- What is expected
Word for word, copy the line containing "Video: John Mulaney" and every line after it in the records below, leaving pictures out.

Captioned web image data
________

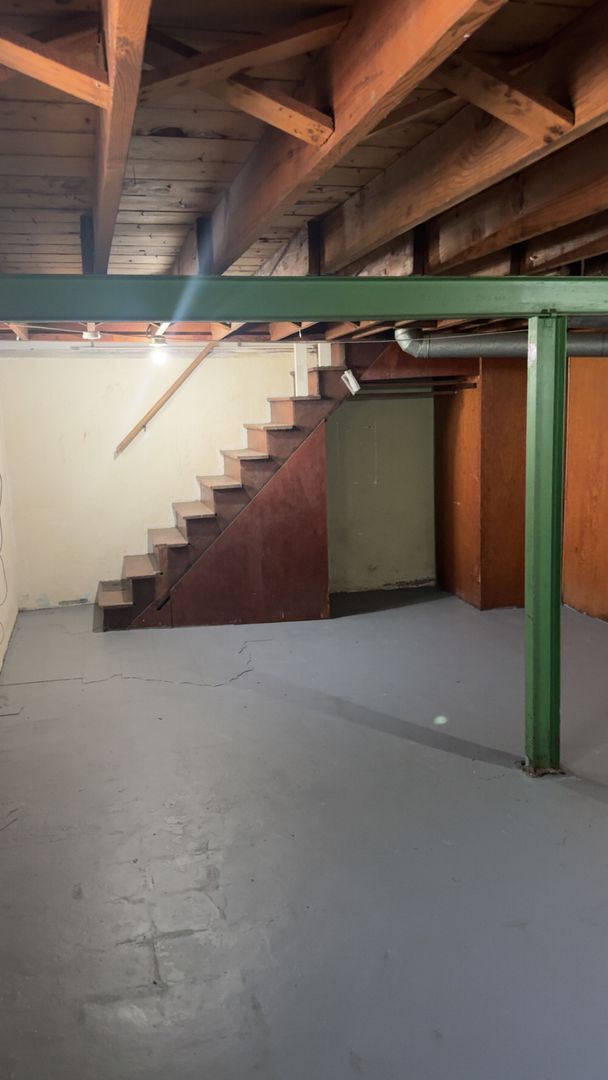 Building Photo - Delightful 2-bedroom, 1-bathroom single-fa...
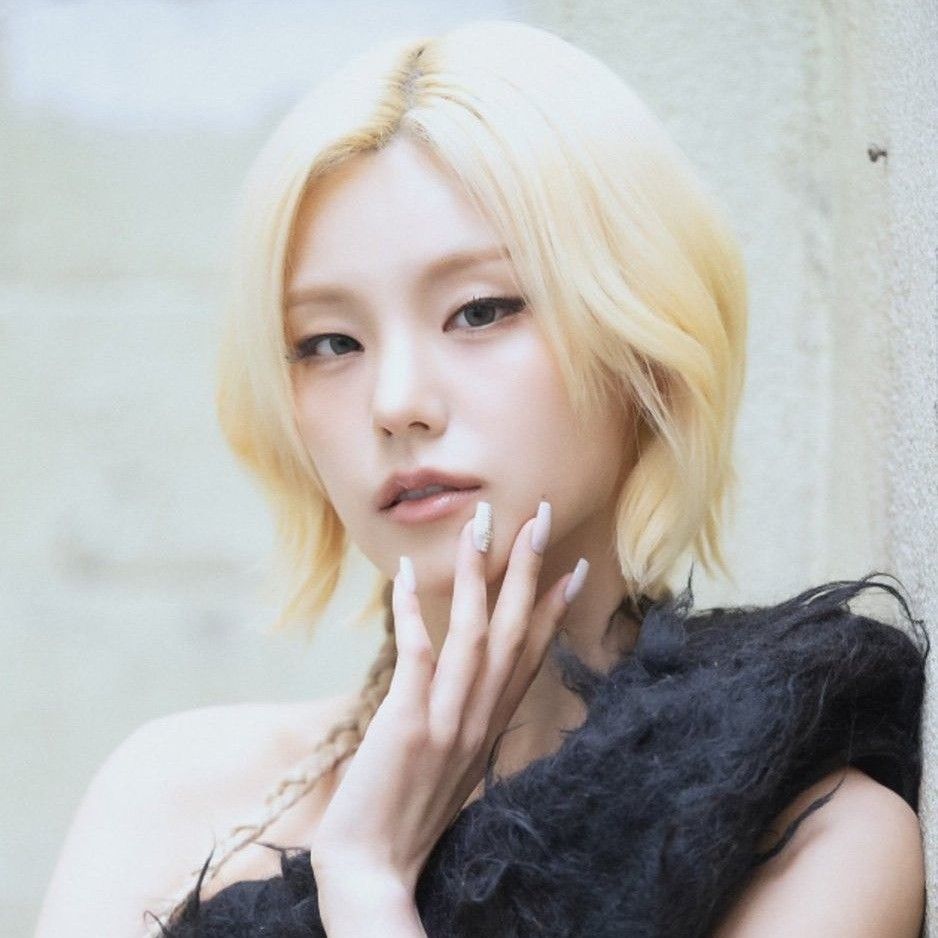 Momen yang diabadikan oleh penggemar Yeji (ITZY)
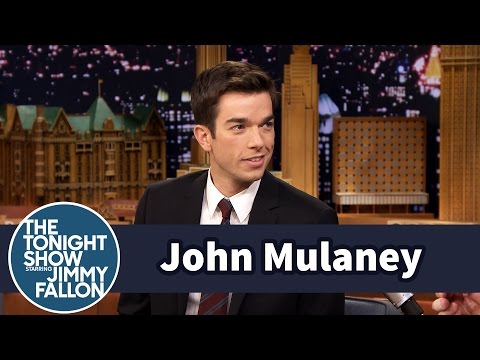 Video: John Mulaney Nettovarallisuus: Wiki, naimisissa, perhe, häät, palkka, sisarukset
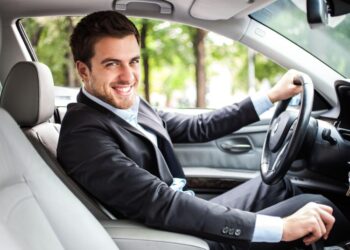 О приобретении каких вещей обязательно должен позаботиться автомобилист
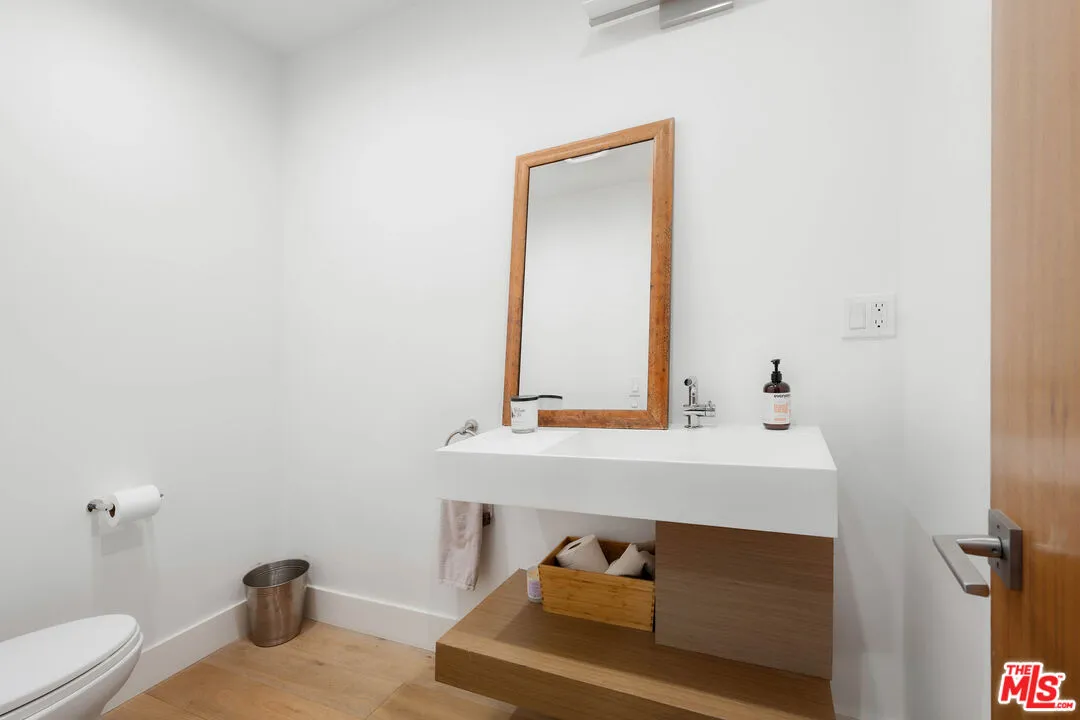 11460 Laurelcrest Rd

________

- Answer to the exercise
 Video: John Mulaney Nettovarallisuus: Wiki, naimisissa, perhe, häät, palkka, sisarukset
 О приобретении каких вещей обязательно должен позаботиться автомобилист
 11460 Laurelcrest Rd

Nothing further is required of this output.